Finishing a story gives a feeling of accomplishment. But then what? Letting others read your master work and letting them critique it? That’s quite the confrontation that requires the writer to get out of his comfort zone. In the end, others will give their thoughts on a text into which the author has poured his/her heart’s content. It is always a little bit scary. What do they like? What do they not like? You can never entirely predict how it will be conveyed.
Who to ask?
So, feedback is there to help the writer. Now how to get it. One way is to ask your friends, parents, siblings or partners to read the story and tell you what they think about it. This might work but they also tend to say it is brilliant because this is the desired response or so they may think.
The opposite is also possible, the story can be completely trashed in a bad way. Of course, a first draft needs some careful rereads and rewrites so don’t expect that it will be perfect straight away. But unpolished, unsupportive feedback can take the joy out of writing not to mention have a negative influence on your self confidence.
A solution is to join a writing group.

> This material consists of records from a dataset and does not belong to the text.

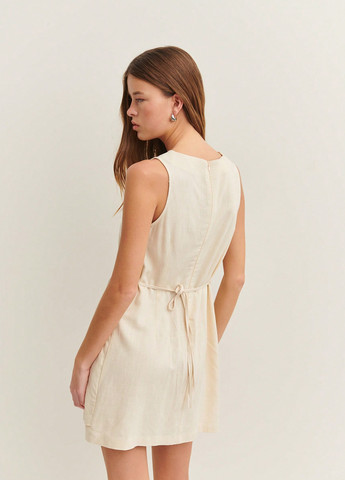 Кремовое кэжуал платье на запах SHEIN однотонное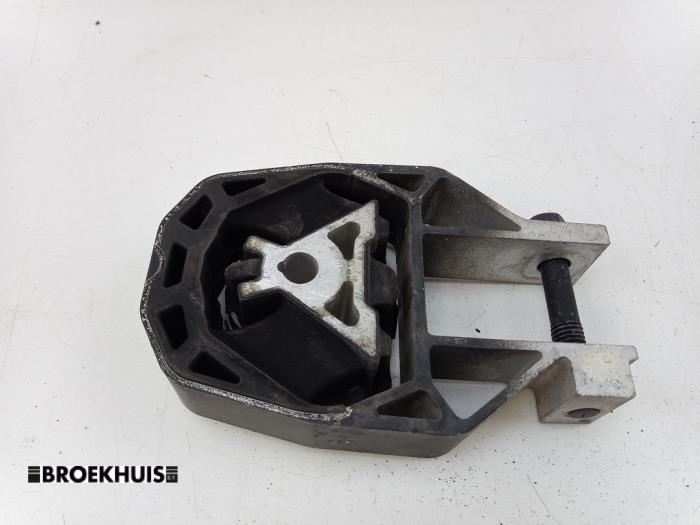 Gebruikte Versnellingsbak Steun Ford Focus 3 1.0 Ti-VCT EcoBoost 12V 100 Prijs € 20,00 Margeregeling aangeboden door Autobedrijf Broekhuis B.V.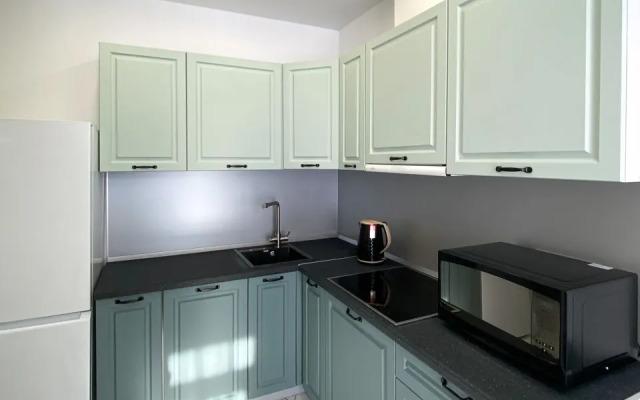 Апартаменты-студия 30 кв.м. с кроватью и балконом, 15 этаж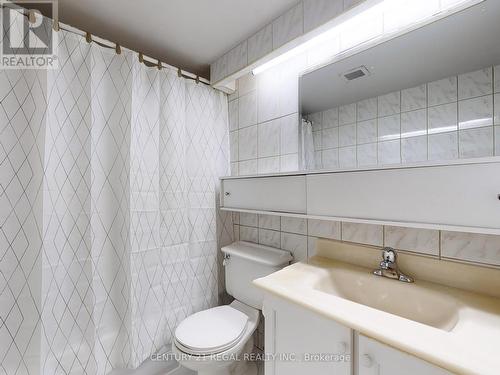 505 - 10 Parkway Forest Drive, Toronto, ON - Indoor Photo Showing Bathroom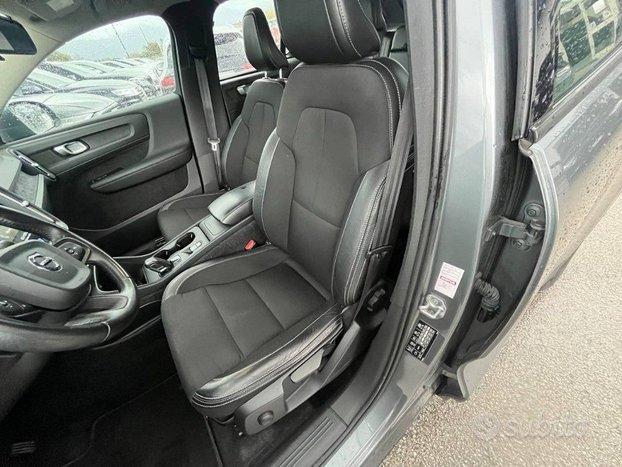 VOLVO XC40 D3 Business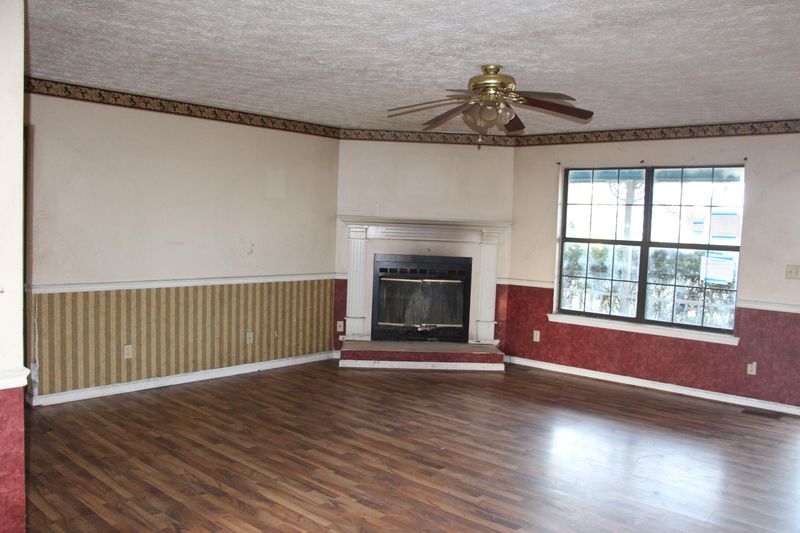 287 Tom Welch Rd, Crossville, TN 38571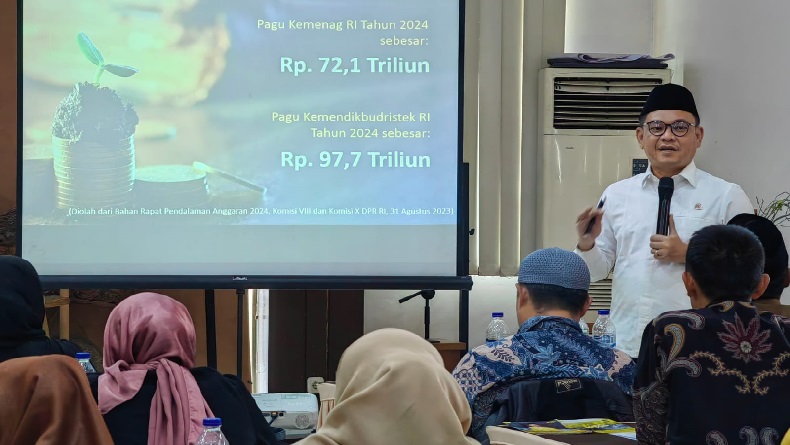 Wakil Ketua Komisi VIII DPR Ajak Guru Ngobrol Upaya Peningkatan Kualitas Madrasah di Lembang KBB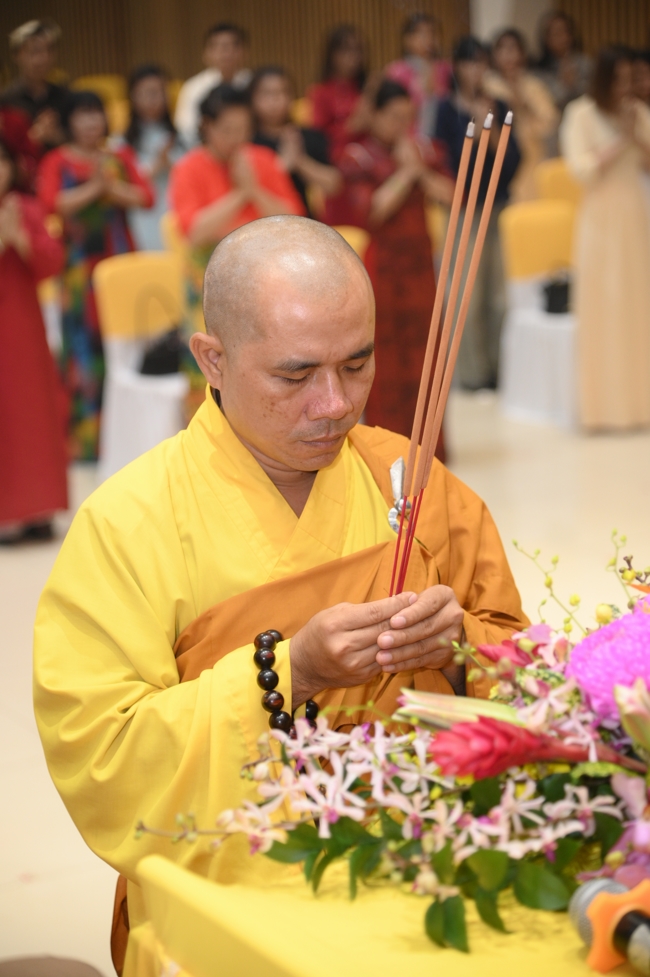 Wedding Ceremony at the pagoda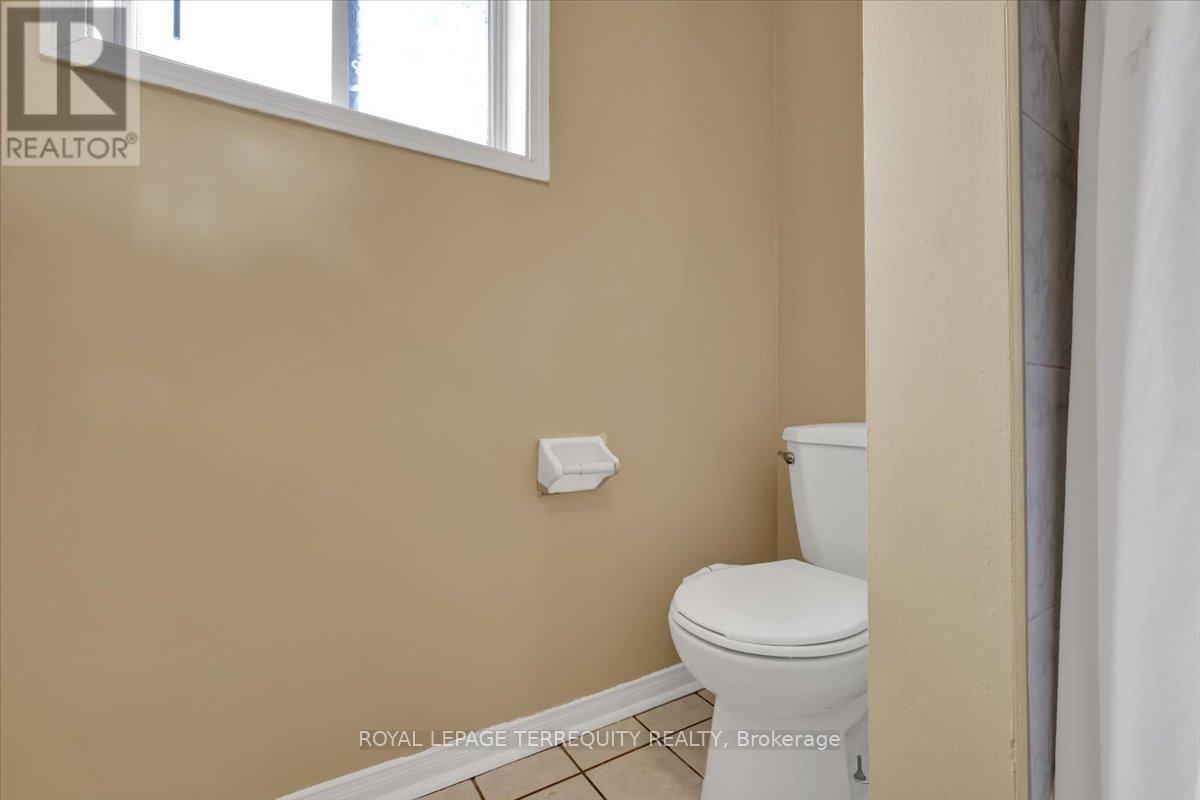 1009 Windbrook Grove, Mississauga, Ontario  L5V 2N7 - Photo 20 - W12151641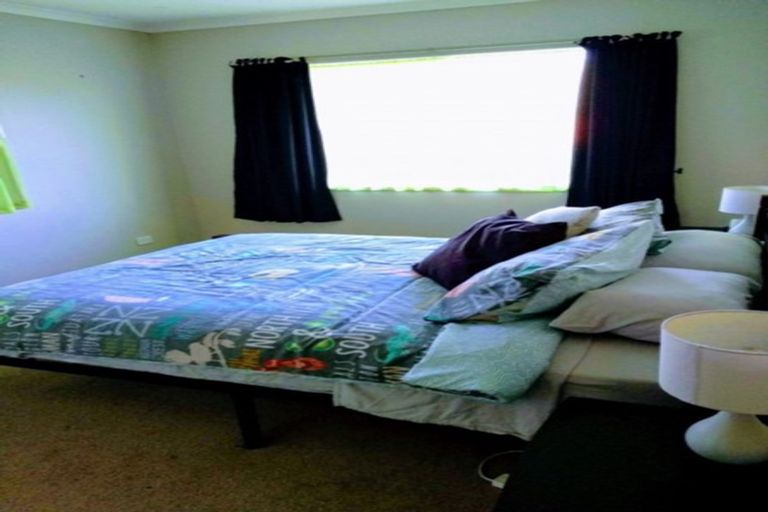 Photo of property in 9 Brechin Place, Wattle Downs, Auckland, 2103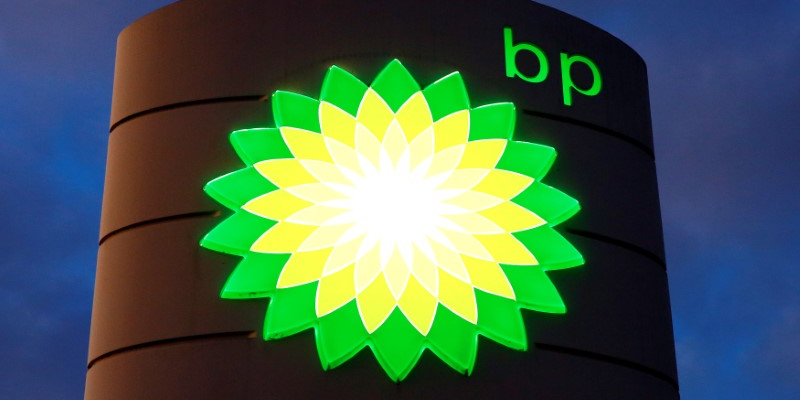 Les pétrolières BP et Shell ont plongé respectivement de 20% et 14%.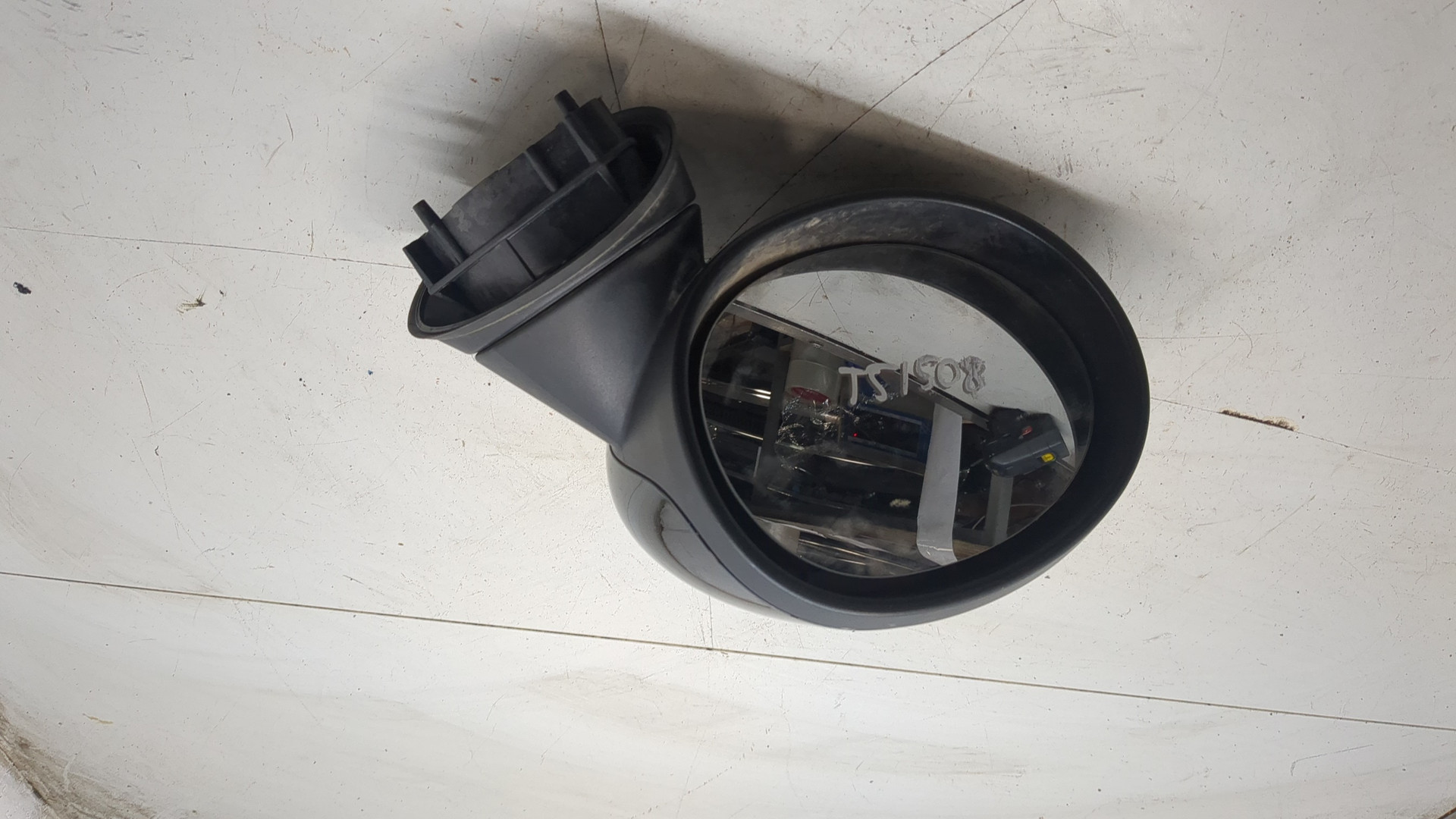 Зеркало левое электрическое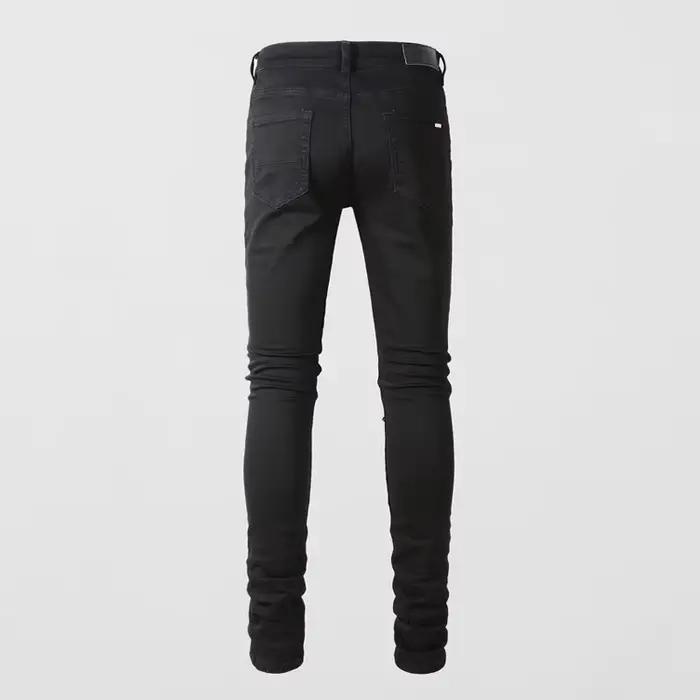 Hombre. Mode de rue, nouveaux jeans pour hommes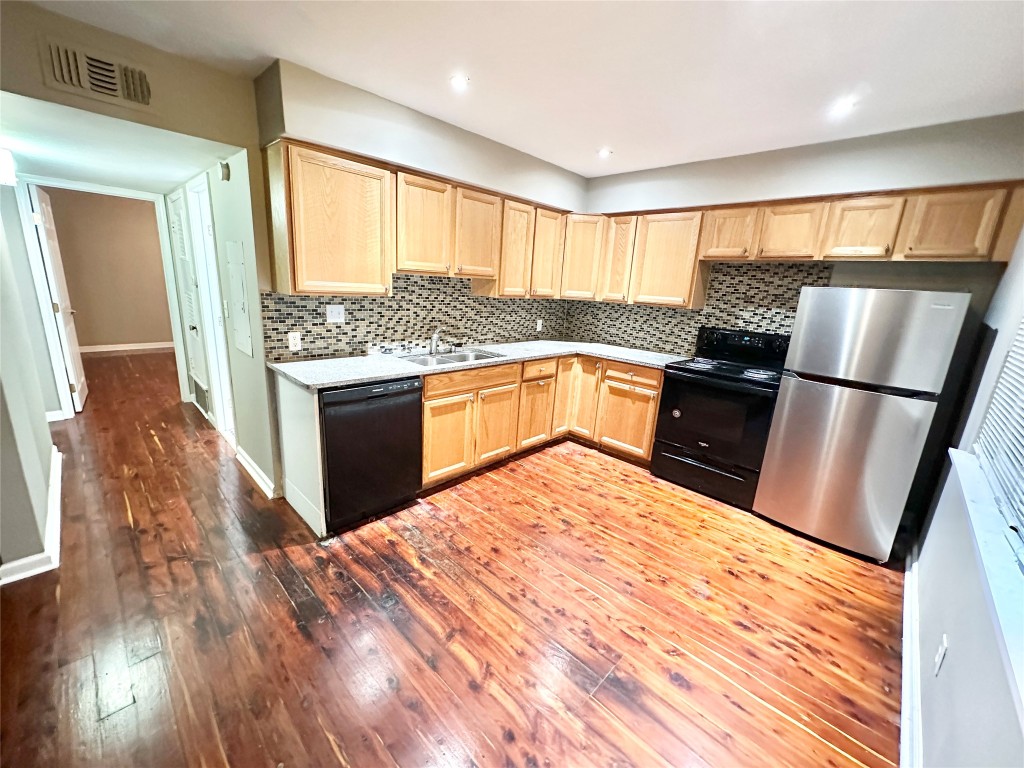 1302 South Quinlan Park Road Austin, TX 78732 - Photo 27 of 40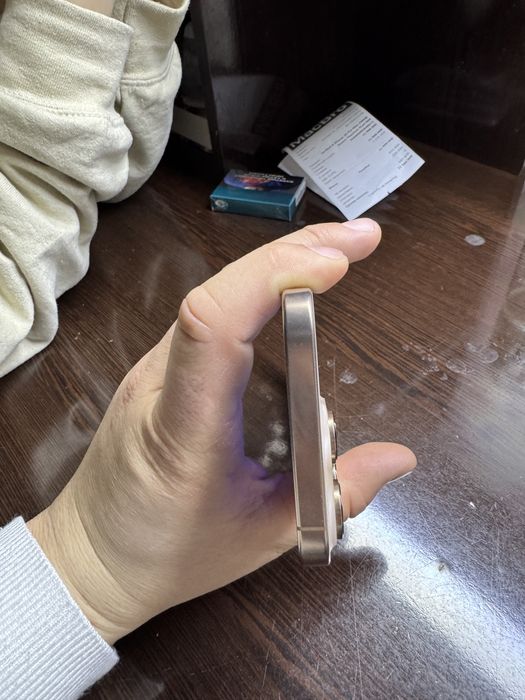 Iphone 16 pro max 256 sim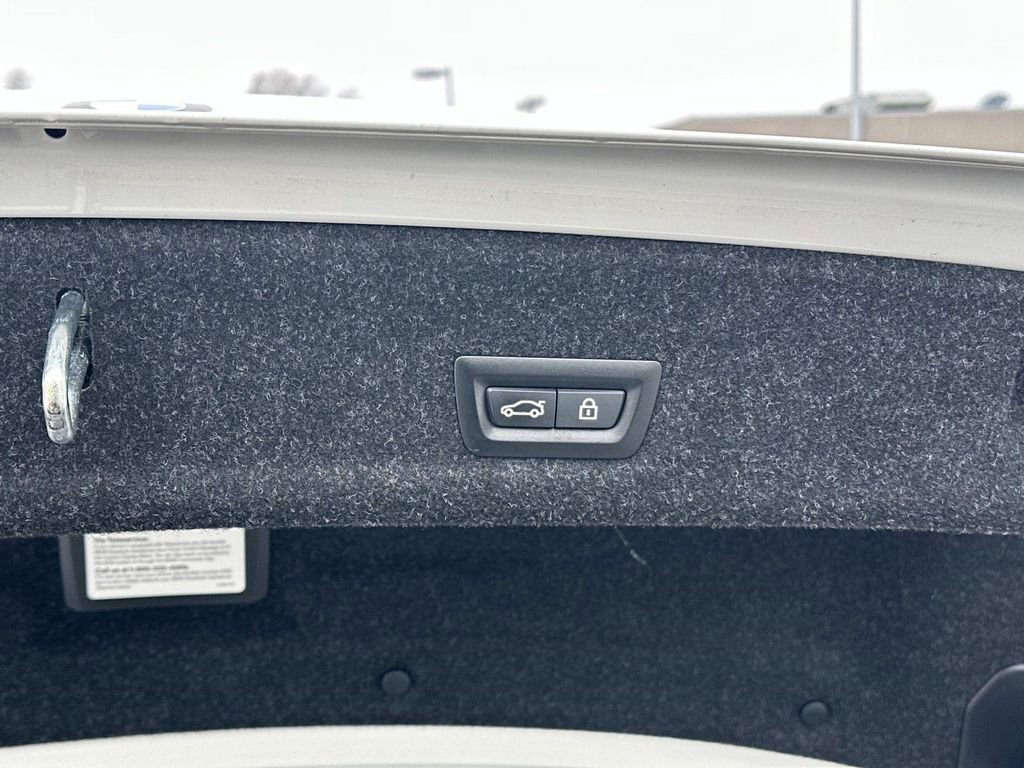 Used 2022 BMW 330i xDrive Sedan w/ Premium Package image 32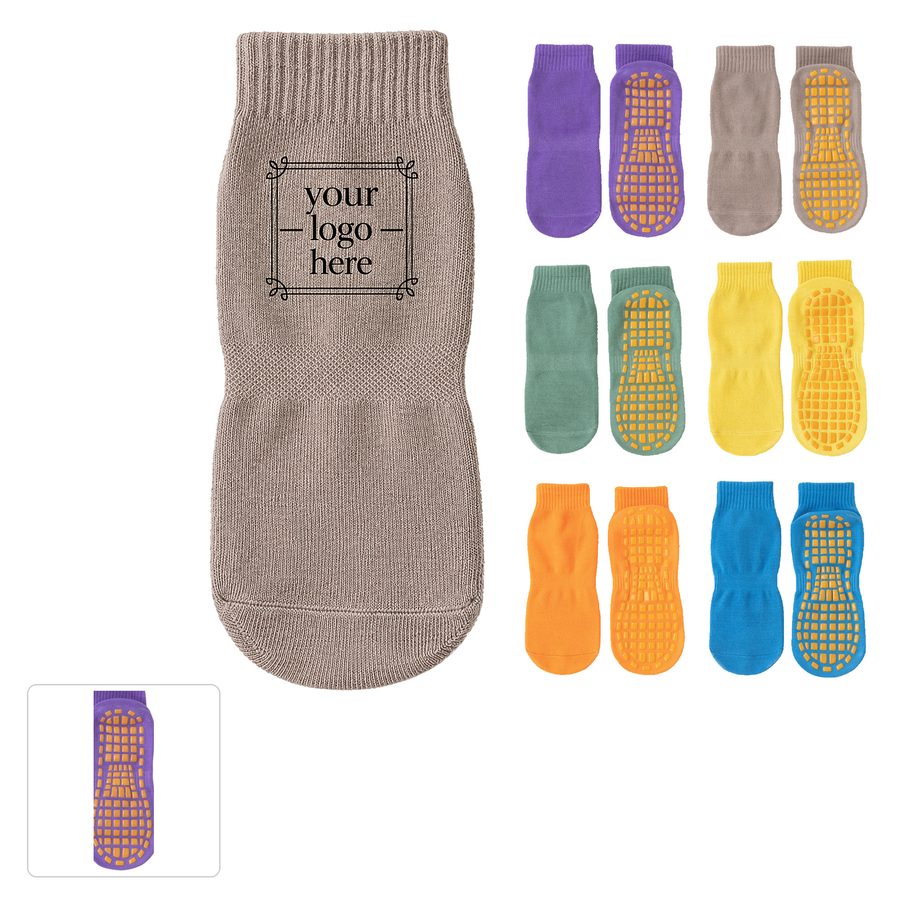 Knitted Ankle Sock With Silicone Sole Grips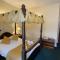 Crown Hotel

There are several online groups and there are also groups that meet up every while to discuss each others’ submissions. The plus point of having stories critiqued by other writers is that they are writers. This doesn’t mean that they always know how to critique well – giving feedback is an art all by itself. But they do know what it’s like to be given feedback and can explain better what it is that doesn’t seem to work properly in a story.
Another plus point of joining a writing or critiquing group is that, as a writer, you will also learn how to give feedback to others. This makes the process of receiving feedback easier, and it improves your own writing.
Keep in mind
Whether asking your sister, your partner or the members of the writing group you’ve joined – most importantly, you must feel at ease with the people you ask feedback from. It will be confronting and sometimes, it will be more than you wished it to be. But keep in mind that the critique you are given, is given to help you improve and grow as a writer – giving you new ideas to think about and work with. Don’t let it affect the joy of writing – instead, learn from it.